Así, según mi parecer, los factores principales que explican el enorme contraste existente están del lado jurídico-político y económico.  En cuanto a lo primero, las élites de los Estados Unidos instauraron un régimen basado en el imperio del derecho (the Rule of Law) y de separación horizontal y vertical de los poderes del Estado, con un efectivo sistema de frenos y contrapesos (checks and balances).  Pero, a diferencia de lo ocurrido en Latinoamérica, no lo hicieron solamente “de palabra” en la Constitución, sino que confirieron a sus jueces las facultades e independencia necesarias para decir la última palabra.  En cambio, en Latinoamérica esa última palabra la han tenido los llamados “poderes de facto” que, dependiendo de las épocas históricas, han sido las oligarquías, el ejército, el partido revolucionario, etcétera. La diferencia radica, entonces, en el poder real de los jueces, en sus facultades efectivas de ser los intérpretes finales de las reglas del juego ante las grandes controversias sociales y políticas, desde la discriminación racial hasta el aborto.  Los jueces en Latinoamérica, en general, carecen, en realidad (aunque en el papel sí lo tengan) del poder de decidir. 

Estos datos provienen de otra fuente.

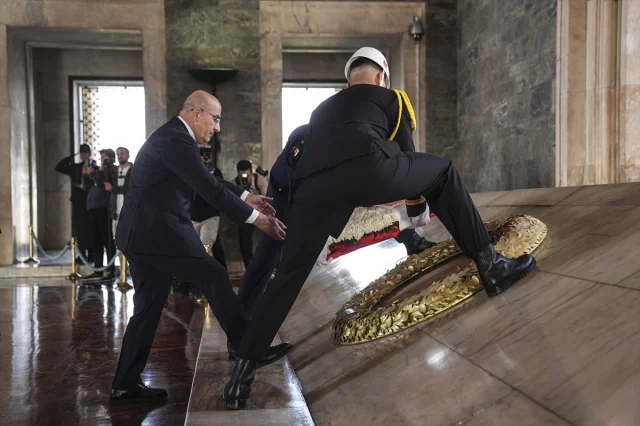 Emniyet Genel Müdürü Demirtaş ile Duygusal Anıtkabir Töreni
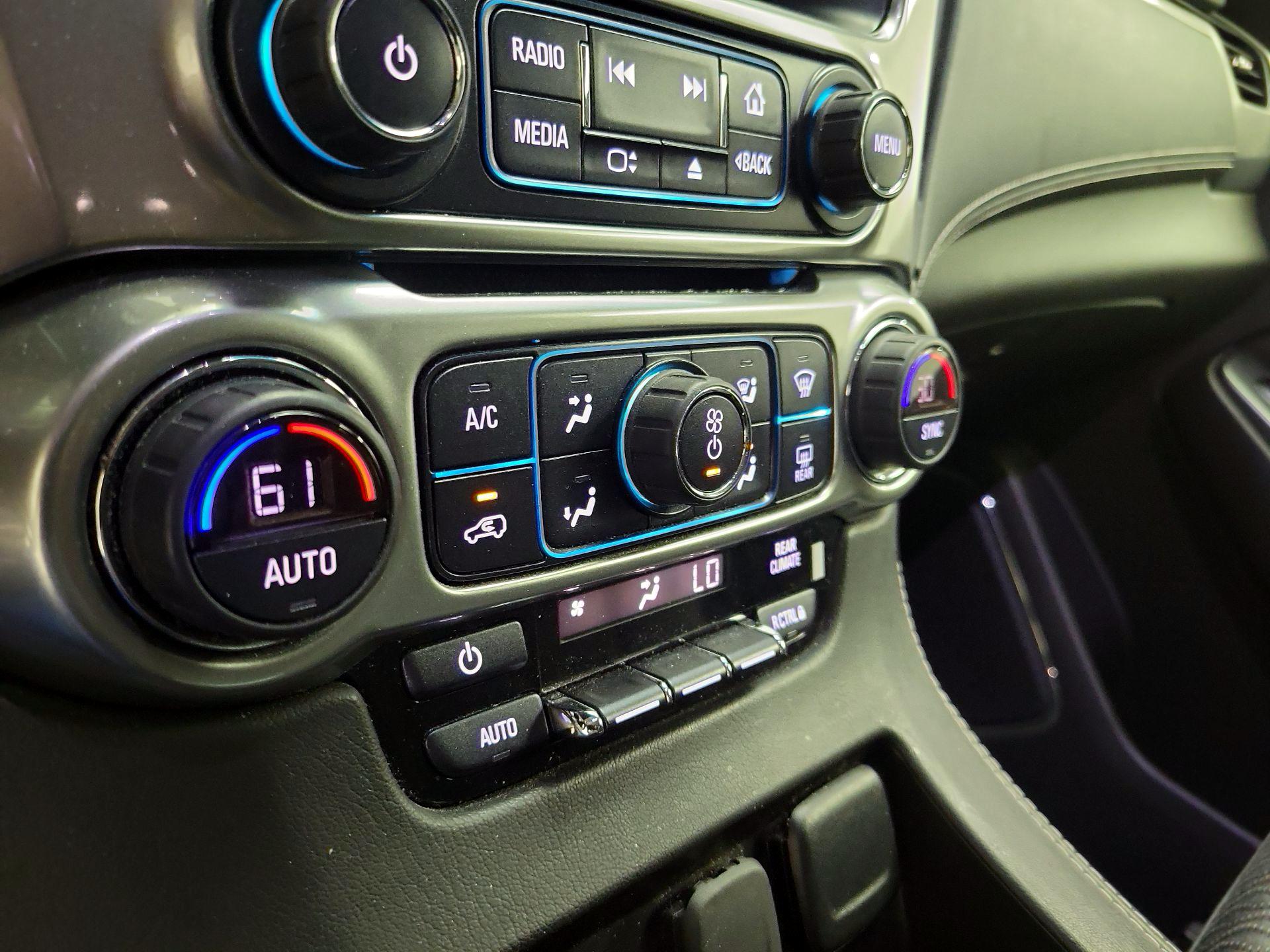 Thumbnail: 2019 Chevrolet Tahoe - 16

En cuanto a lo segundo, las élites de los Estados Unidos instauraron un régimen basado en la propiedad privada (incluyendo de los recursos del subsuelo), la libertad de contratar y en la competencia en mercados abiertos.  Aunque se diga que ha habido eras de alto proteccionismo (como en Latinoamérica también) y que el Gobierno Federal ha subvencionado la agricultura e intervenido en lo relativo a recursos económicos considerados “estratégicos” (como en Latinoamérica también), si se echa una mirada a los índices de libertad económica más importantes, está claro que, en general, la libertad económica es la regla y con mucha mayor estabilidad en los Estados Unidos que en Latinoamérica (reconociendo, aquí también, la posibilidad de señalar excepciones). 

Termino con una reflexión: lo más importante es que las élites latinoamericanas se den cuenta de que el tiempo no ha terminado. Dentro de un siglo, las generaciones venideras podrían recoger los frutos de lo que hoy comenzara a sembrarse.